### About this exercise
Begin with the line holding "lampa lewa przód" and end with the last line of the records below. Set down exactly those lines and leave out every picture.

### Caption-style text data
◇ ◇ ◇ ◇ ◇
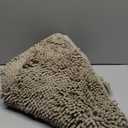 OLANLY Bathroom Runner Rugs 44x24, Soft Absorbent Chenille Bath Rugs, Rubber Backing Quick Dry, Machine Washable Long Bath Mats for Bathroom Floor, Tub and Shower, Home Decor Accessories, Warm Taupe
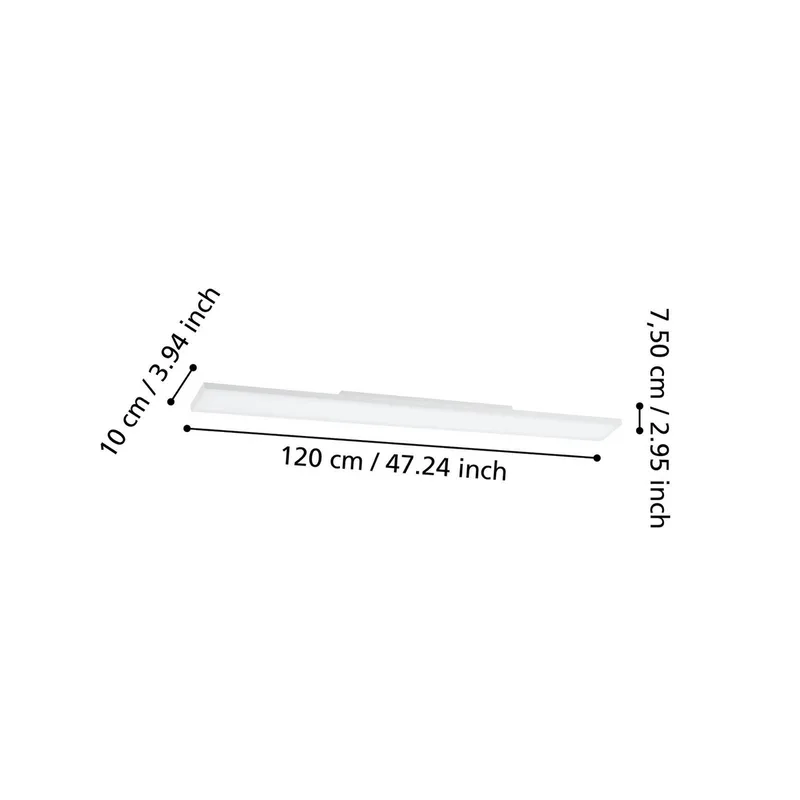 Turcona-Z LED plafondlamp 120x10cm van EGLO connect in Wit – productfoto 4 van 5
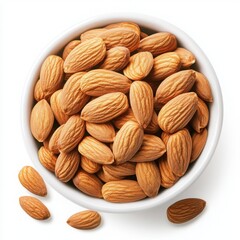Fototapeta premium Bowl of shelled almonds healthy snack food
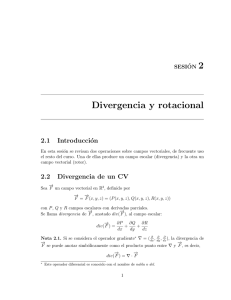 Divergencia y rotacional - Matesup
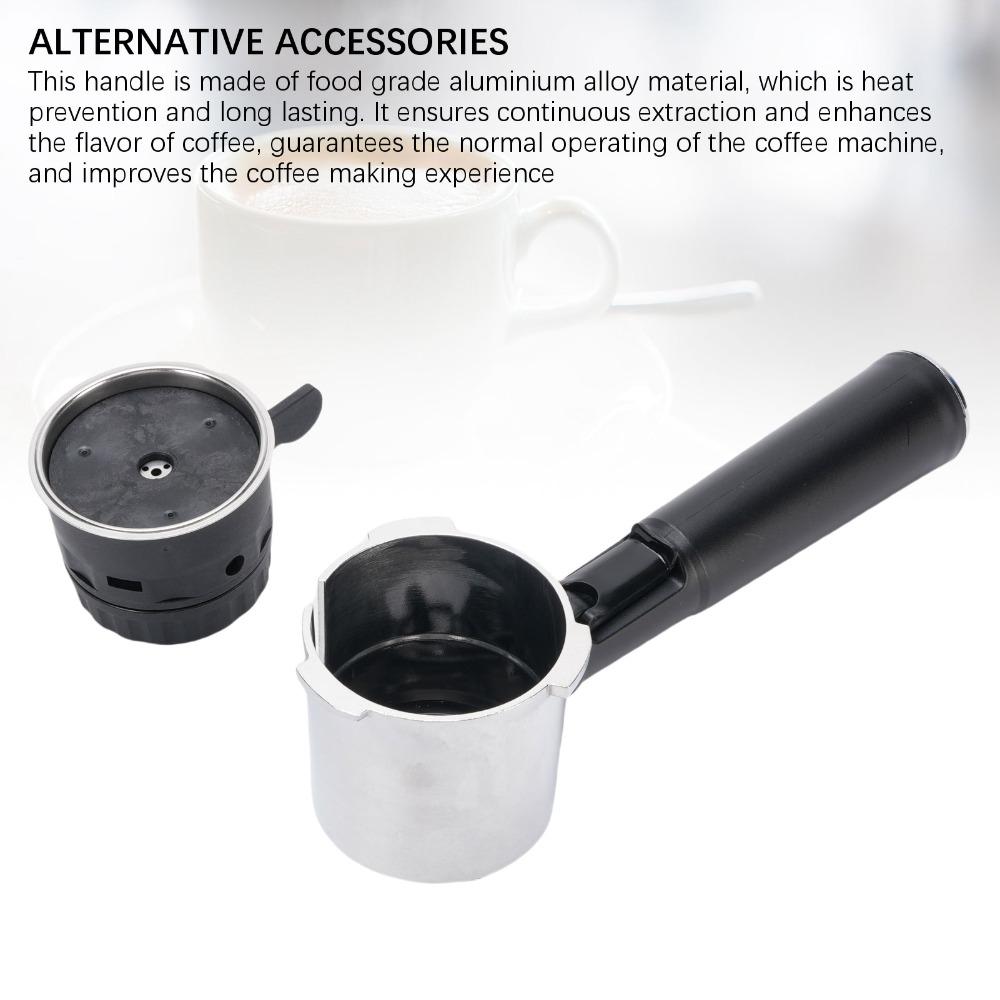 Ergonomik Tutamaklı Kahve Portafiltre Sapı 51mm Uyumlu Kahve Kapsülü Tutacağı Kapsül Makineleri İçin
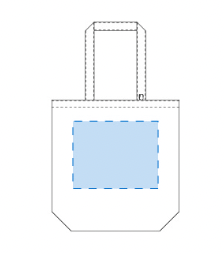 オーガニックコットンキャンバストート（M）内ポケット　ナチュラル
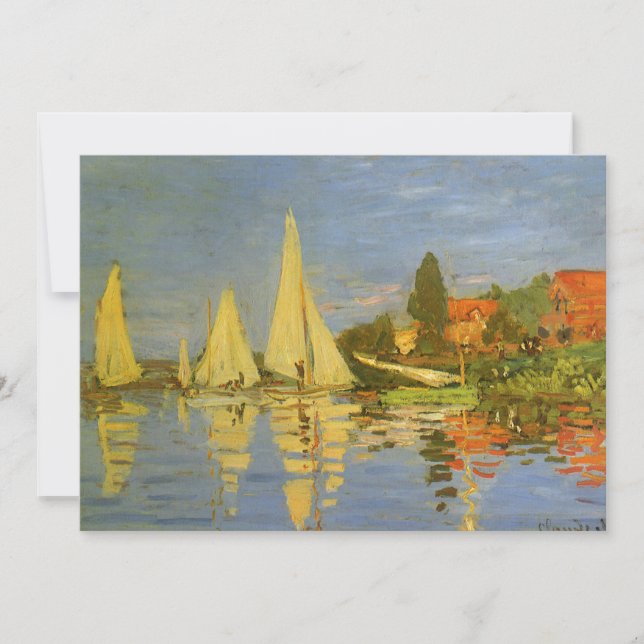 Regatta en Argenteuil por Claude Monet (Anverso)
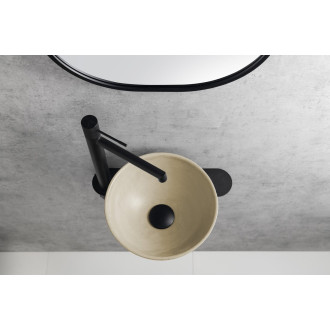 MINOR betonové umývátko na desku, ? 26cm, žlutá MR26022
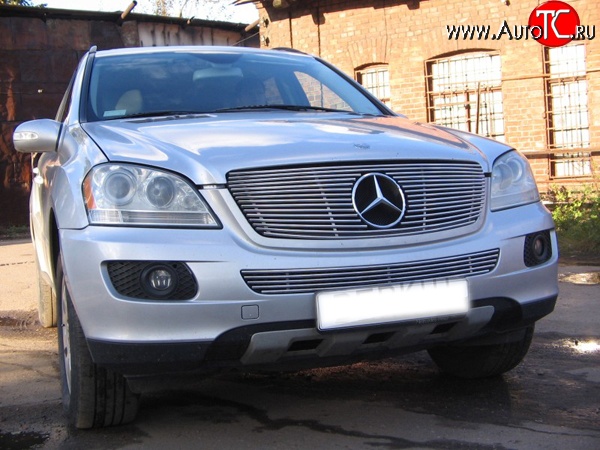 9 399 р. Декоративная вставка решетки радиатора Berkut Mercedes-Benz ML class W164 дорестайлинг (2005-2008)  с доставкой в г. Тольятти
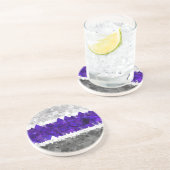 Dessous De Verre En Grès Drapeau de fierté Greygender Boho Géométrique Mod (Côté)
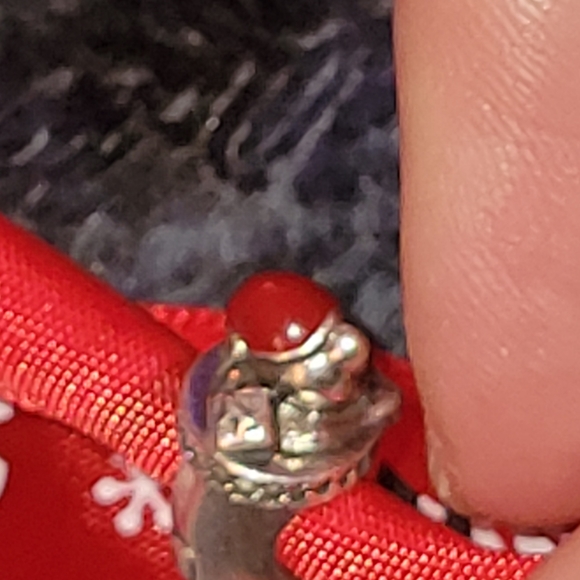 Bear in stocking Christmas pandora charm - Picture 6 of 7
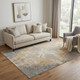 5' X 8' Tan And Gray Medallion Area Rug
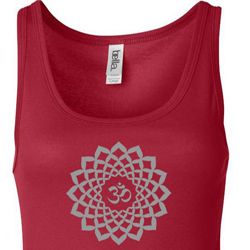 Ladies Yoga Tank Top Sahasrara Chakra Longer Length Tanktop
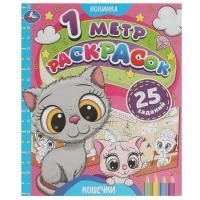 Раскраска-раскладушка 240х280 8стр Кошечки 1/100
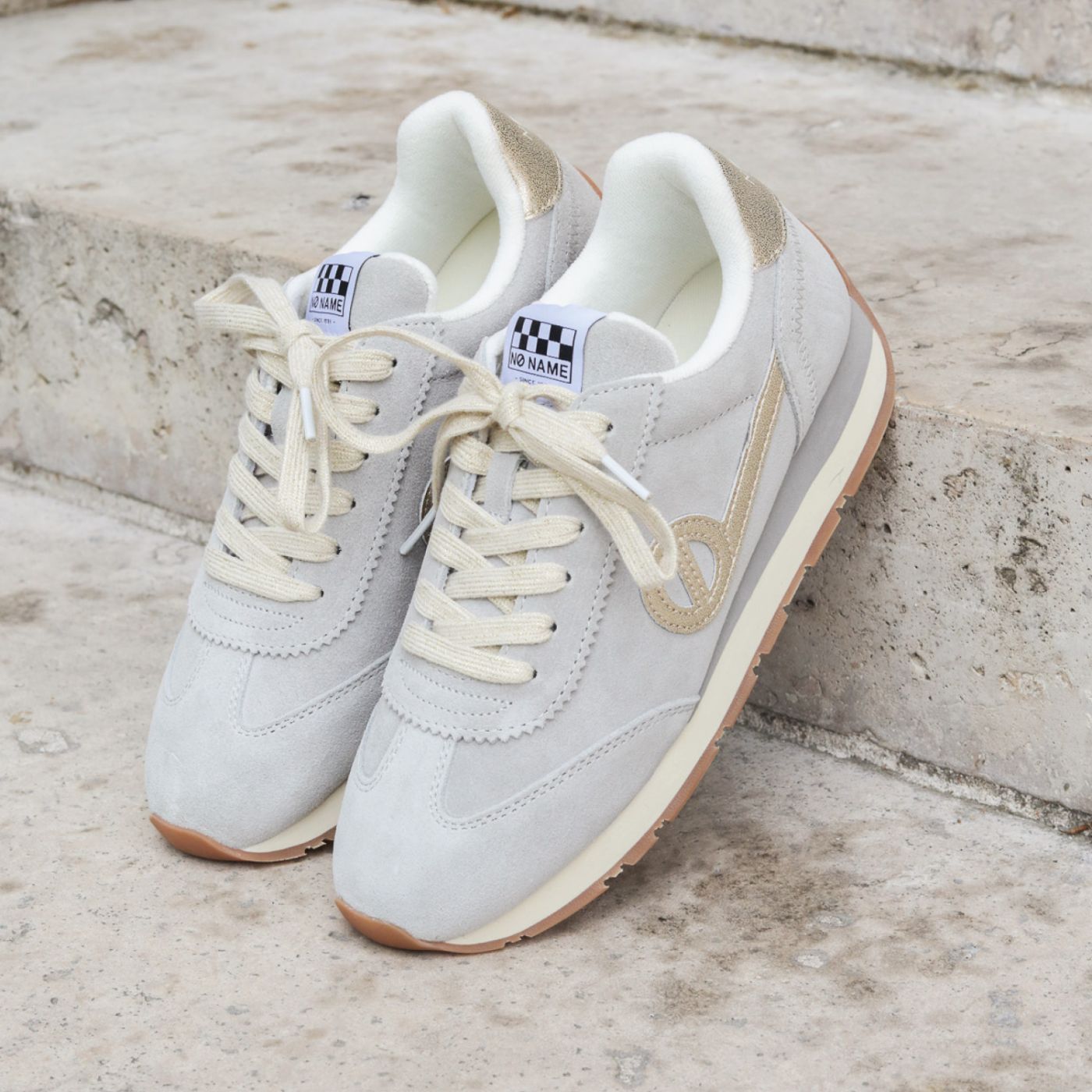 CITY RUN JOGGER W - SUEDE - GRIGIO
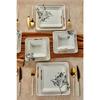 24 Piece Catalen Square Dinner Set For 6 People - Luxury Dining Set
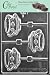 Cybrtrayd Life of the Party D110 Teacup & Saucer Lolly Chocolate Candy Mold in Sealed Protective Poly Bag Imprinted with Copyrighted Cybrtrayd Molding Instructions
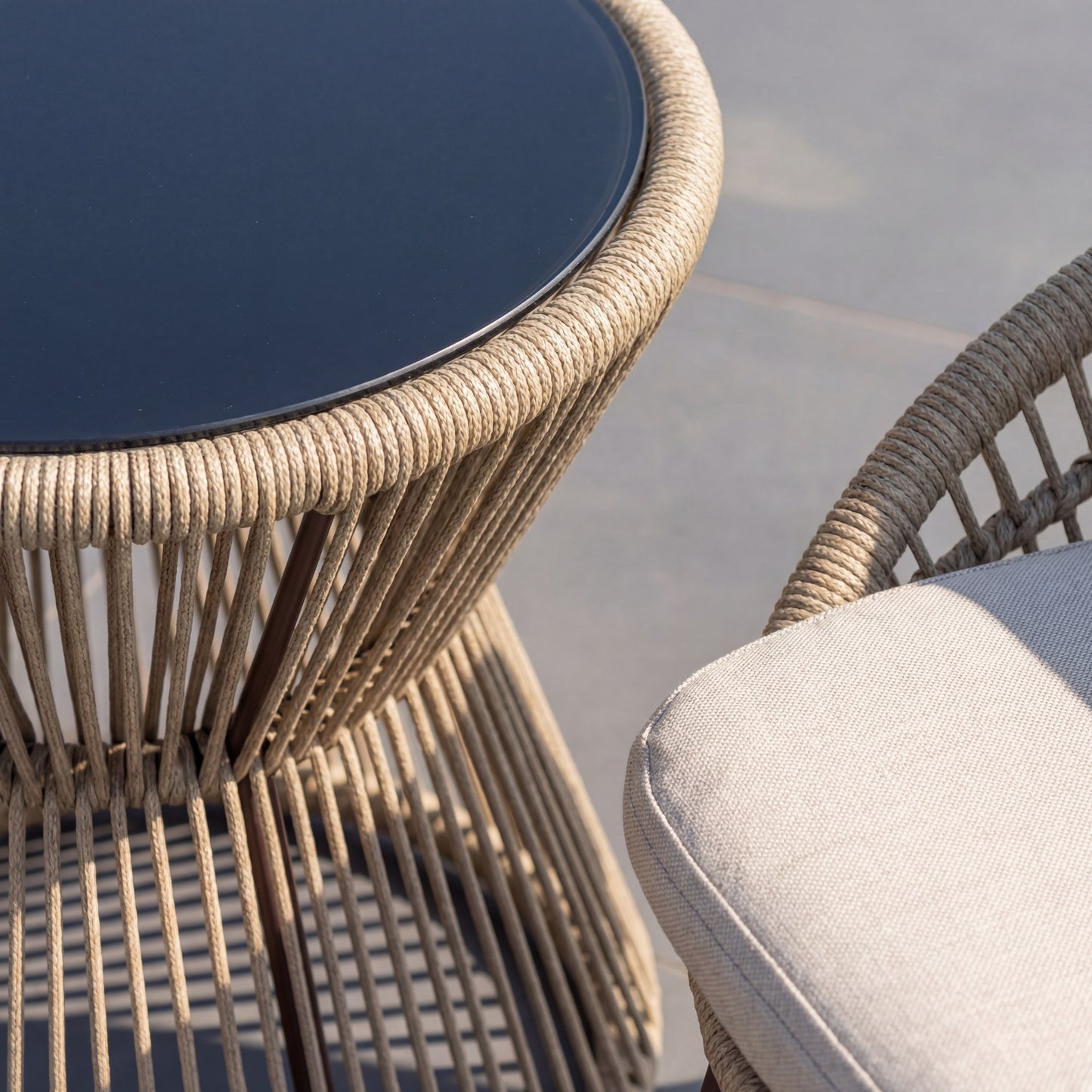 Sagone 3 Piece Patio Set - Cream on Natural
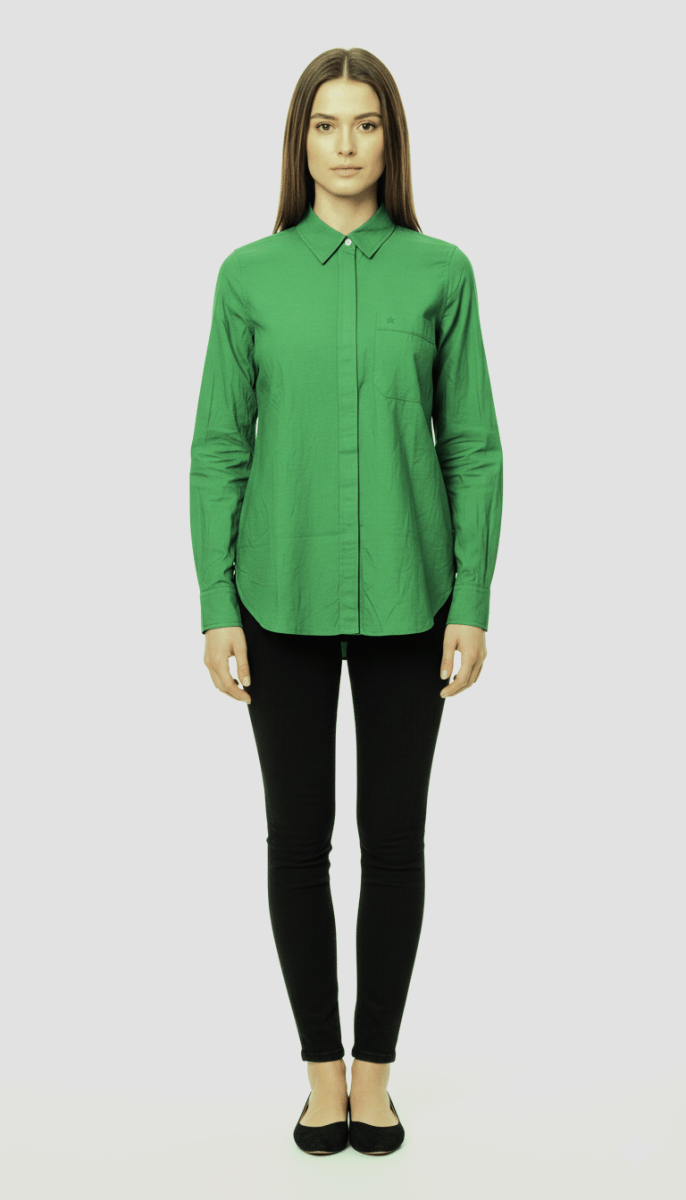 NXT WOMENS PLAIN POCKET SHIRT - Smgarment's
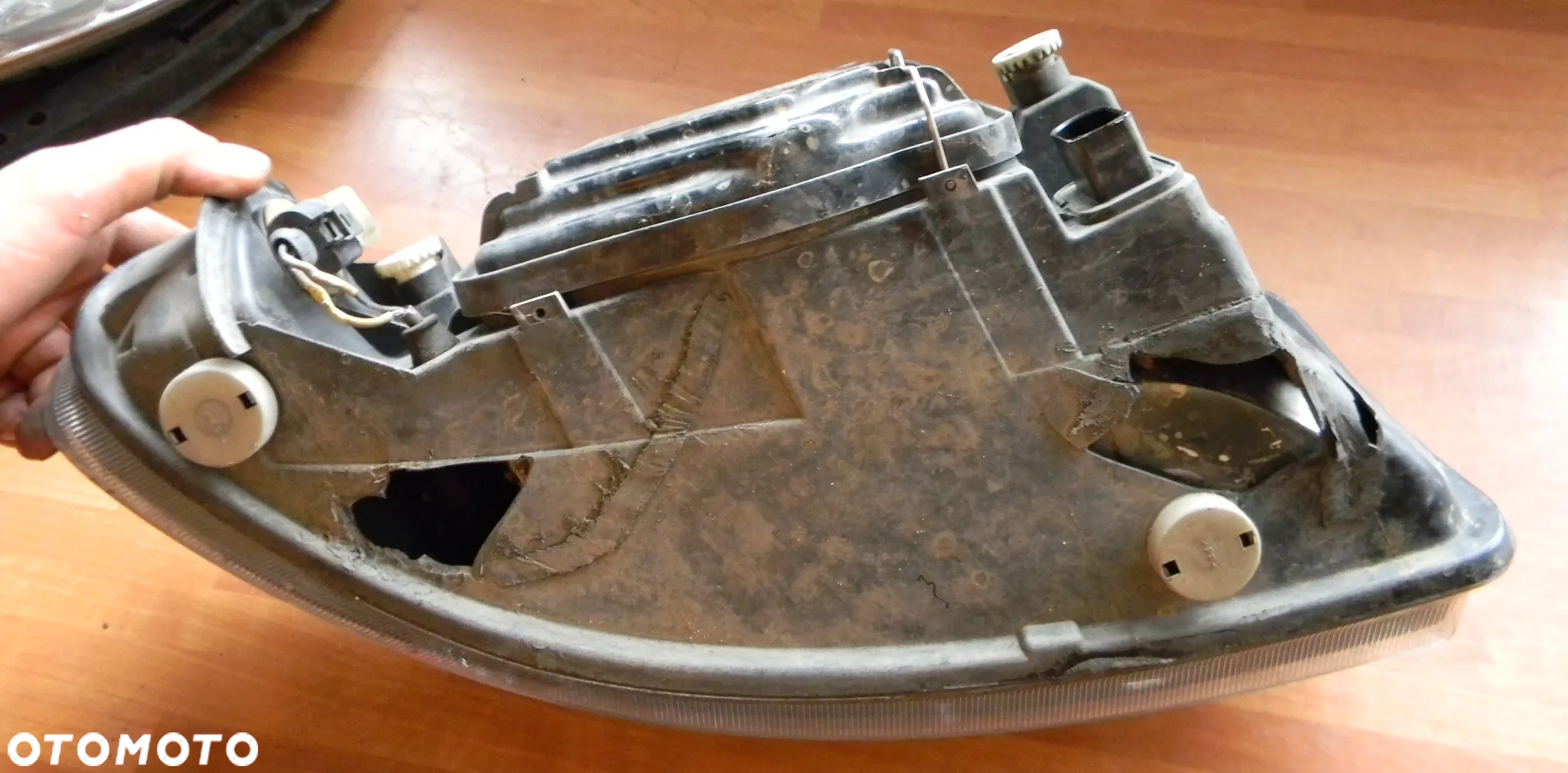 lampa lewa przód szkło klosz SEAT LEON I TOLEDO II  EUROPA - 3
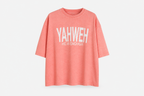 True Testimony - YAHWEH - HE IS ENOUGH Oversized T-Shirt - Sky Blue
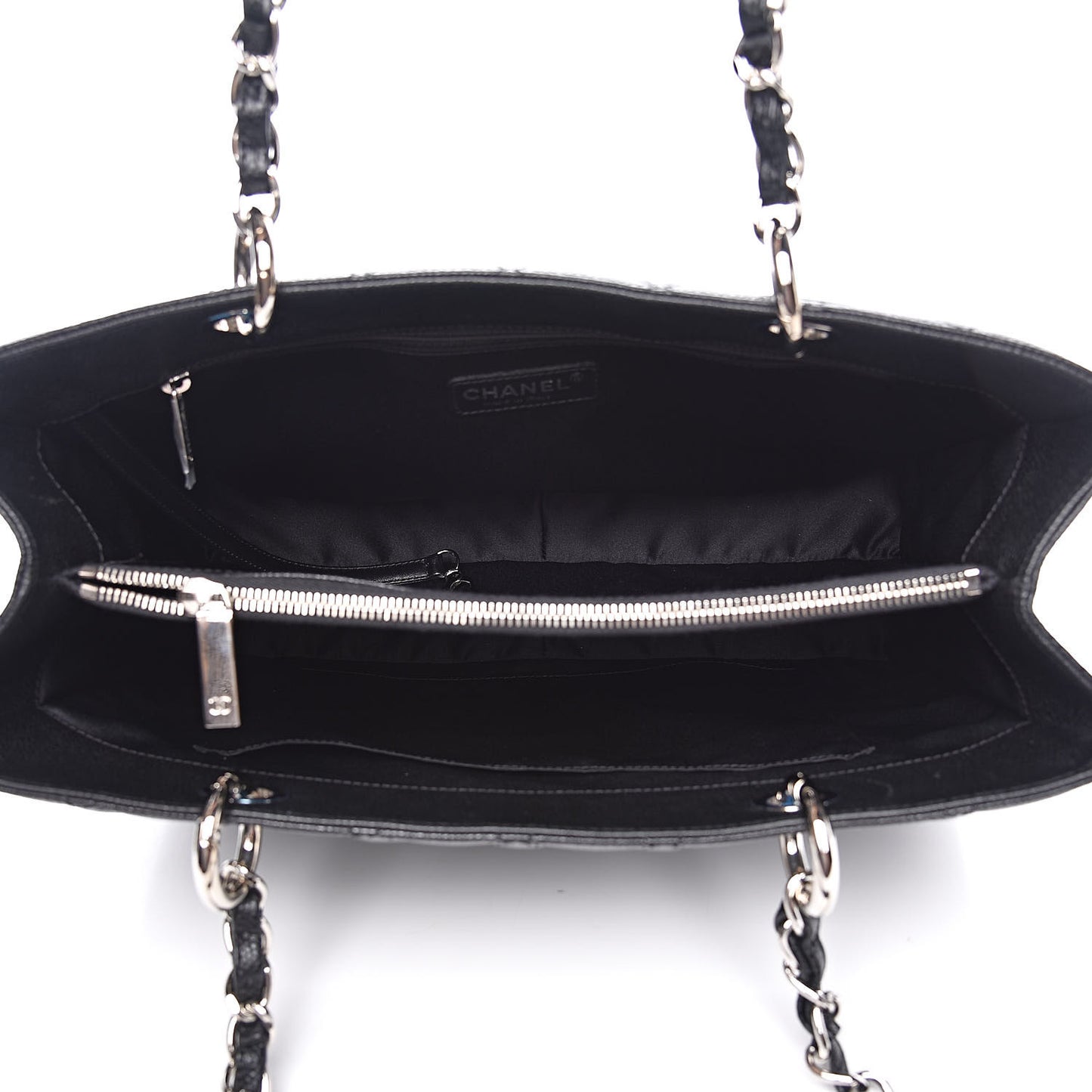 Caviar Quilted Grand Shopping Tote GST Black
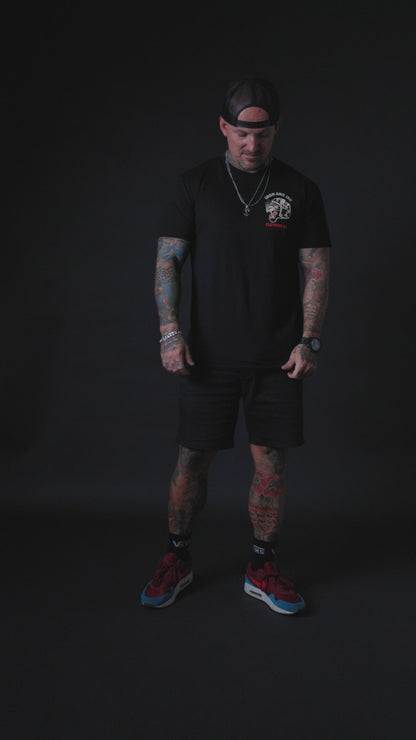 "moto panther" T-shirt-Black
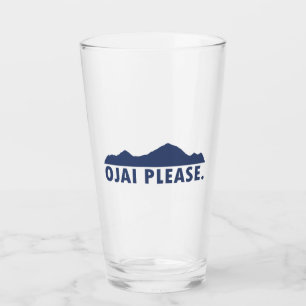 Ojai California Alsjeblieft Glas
◇ ◇ ◇ ◇ ◇
### Problem solution
 lampa lewa przód szkło klosz SEAT LEON I TOLEDO II  EUROPA - 3
 True Testimony - YAHWEH - HE IS ENOUGH Oversized T-Shirt - Sky Blue
 Caviar Quilted Grand Shopping Tote GST Black
 "moto panther" T-shirt-Black
 Ojai California Alsjeblieft Glas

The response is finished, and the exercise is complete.